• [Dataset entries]

_ _ _ _ _ _ _

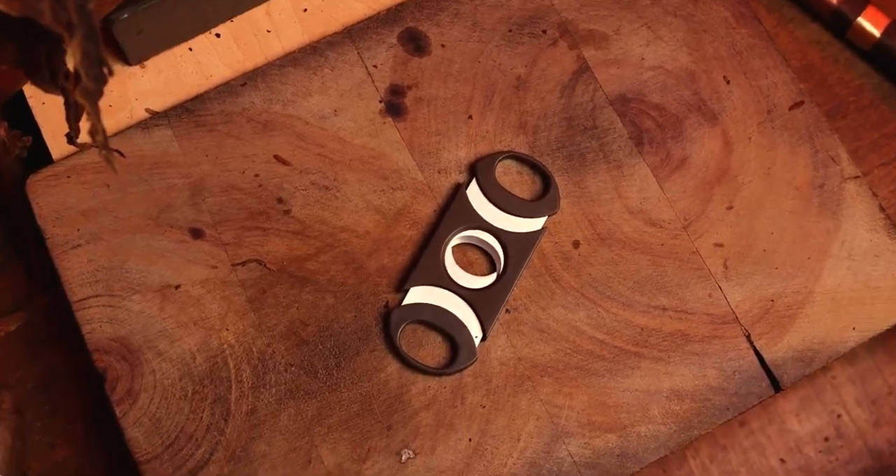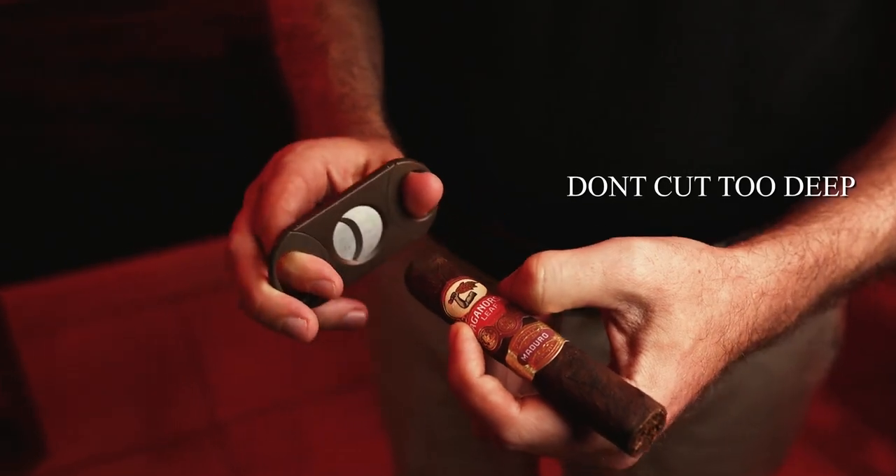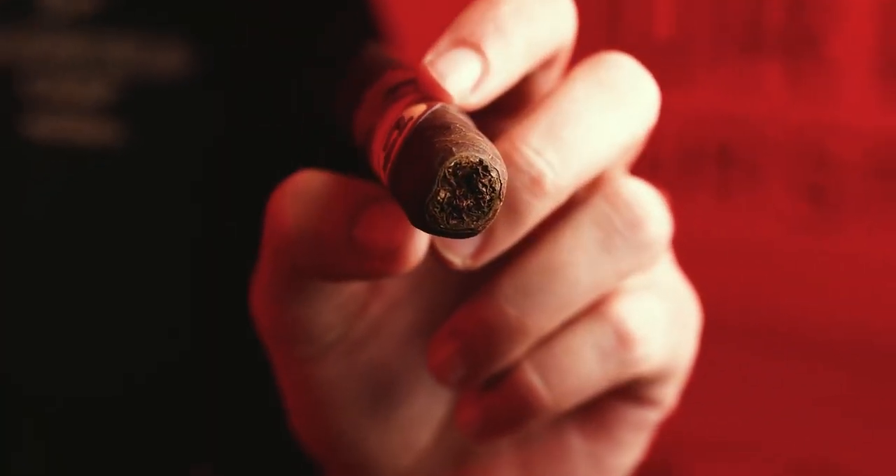You've selected your cigar — now it's time to cut it. There are a lot of different ways to do this, but I'm using the most common, which is the guillotine cutter. What you want to do is give the cigar a haircut, not decapitate it, just like so. And that is the perfect cut.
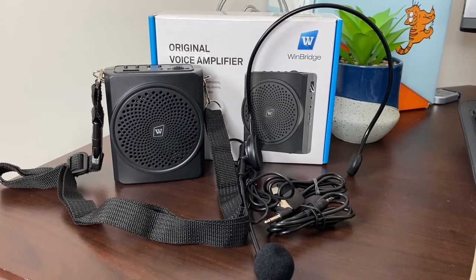So here it is, the original voice amplifier. This is basically just like the one that I reviewed a couple of months ago except it is a different series. I did a very detailed video so I'm not gonna go into every single thing in this video. If you are interested in learning more about those specific things, please check that video out here.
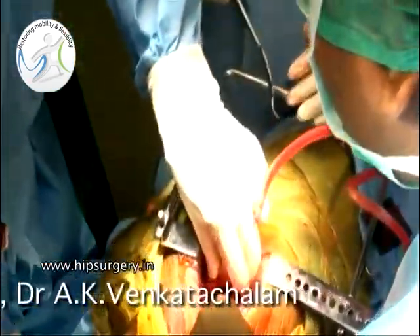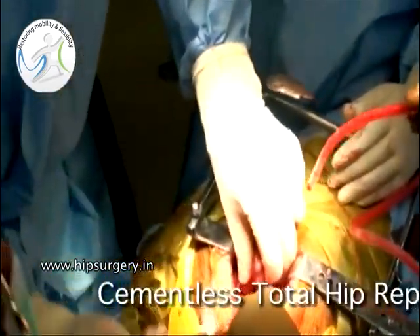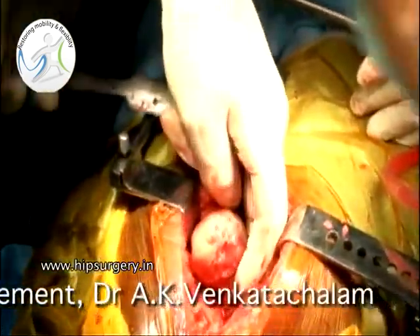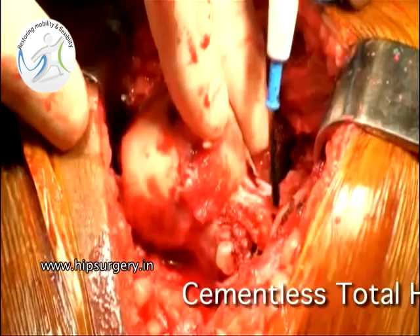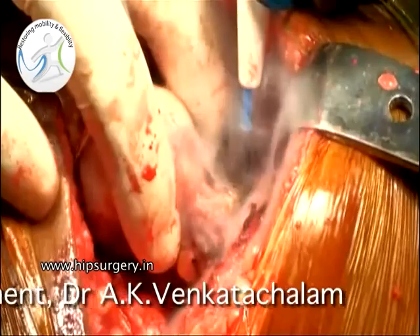After removing the head, exposure of the acetabulum is obtained. All the soft tissue attachments to the neck are divided and the head is preserved for obtaining bone graft.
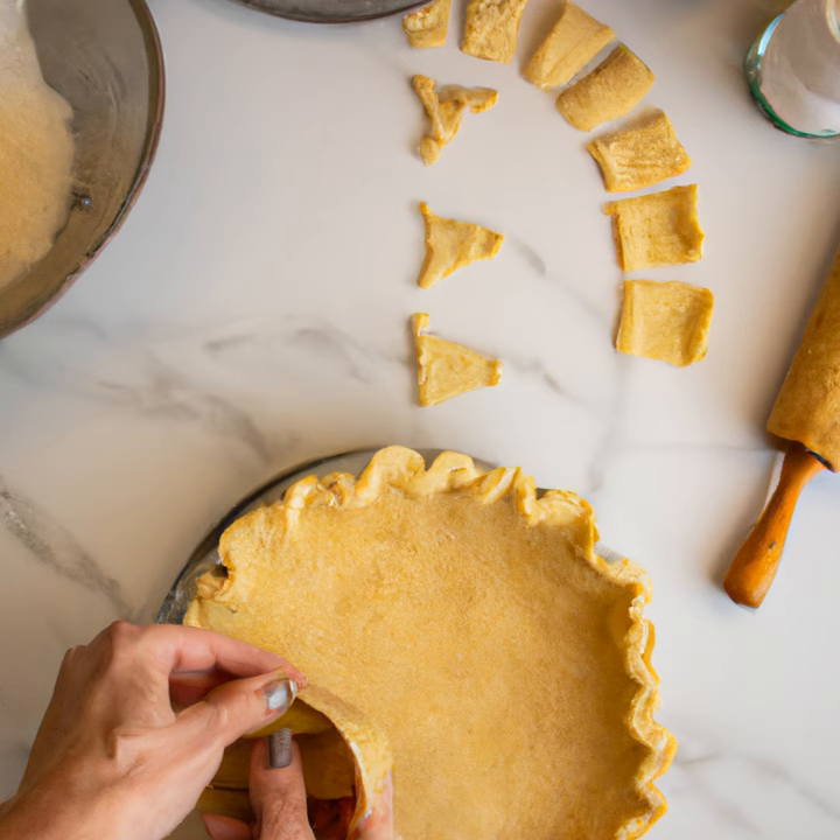Once the dough is ready, it's time to roll it out. Place the dough on a lightly floured surface and use a rolling pin to roll it out until it's 1/8th inch thick. Use a knife or pizza cutter to cut the dough into the shape of your pie dish.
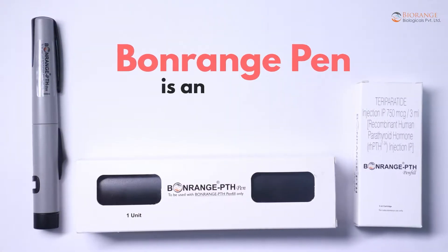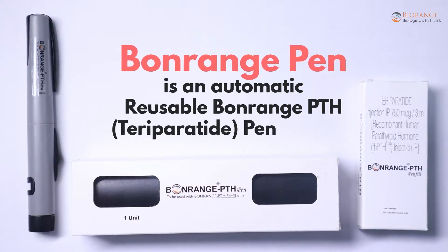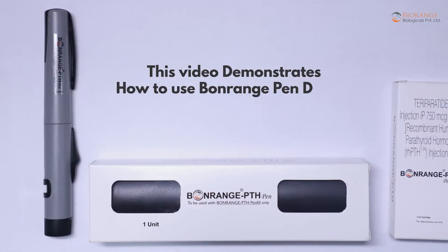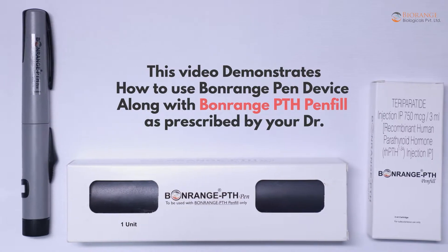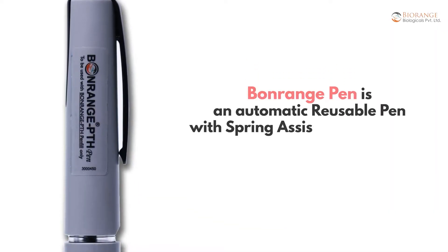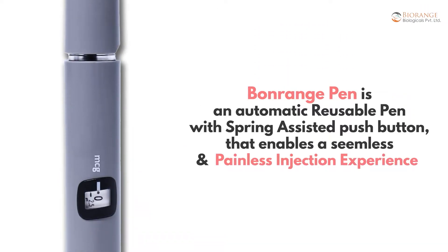Bonrange Pen is an automatic reusable Bonrange PTH teriparatide pen injector. This video demonstrates how to use the Bonrange Pen device along with Bonrange PTH pen fillers prescribed by your doctor. Bonrange Pen is an automatic reusable pen with spring-assisted push button that enables a seamless and painless injection experience.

_ _ _ _ _ _ _

• [ABOUT THIS TASK] Because pictures are not wanted, give every entry above again exactly without them.

• [YOUR SOLUTION]
You've selected your cigar — now it's time to cut it. There are a lot of different ways to do this, but I'm using the most common, which is the guillotine cutter. What you want to do is give the cigar a haircut, not decapitate it, just like so. And that is the perfect cut.
So here it is, the original voice amplifier. This is basically just like the one that I reviewed a couple of months ago except it is a different series. I did a very detailed video so I'm not gonna go into every single thing in this video. If you are interested in learning more about those specific things, please check that video out here.
After removing the head, exposure of the acetabulum is obtained. All the soft tissue attachments to the neck are divided and the head is preserved for obtaining bone graft.
Once the dough is ready, it's time to roll it out. Place the dough on a lightly floured surface and use a rolling pin to roll it out until it's 1/8th inch thick. Use a knife or pizza cutter to cut the dough into the shape of your pie dish.
Bonrange Pen is an automatic reusable Bonrange PTH teriparatide pen injector. This video demonstrates how to use the Bonrange Pen device along with Bonrange PTH pen fillers prescribed by your doctor. Bonrange Pen is an automatic reusable pen with spring-assisted push button that enables a seamless and painless injection experience.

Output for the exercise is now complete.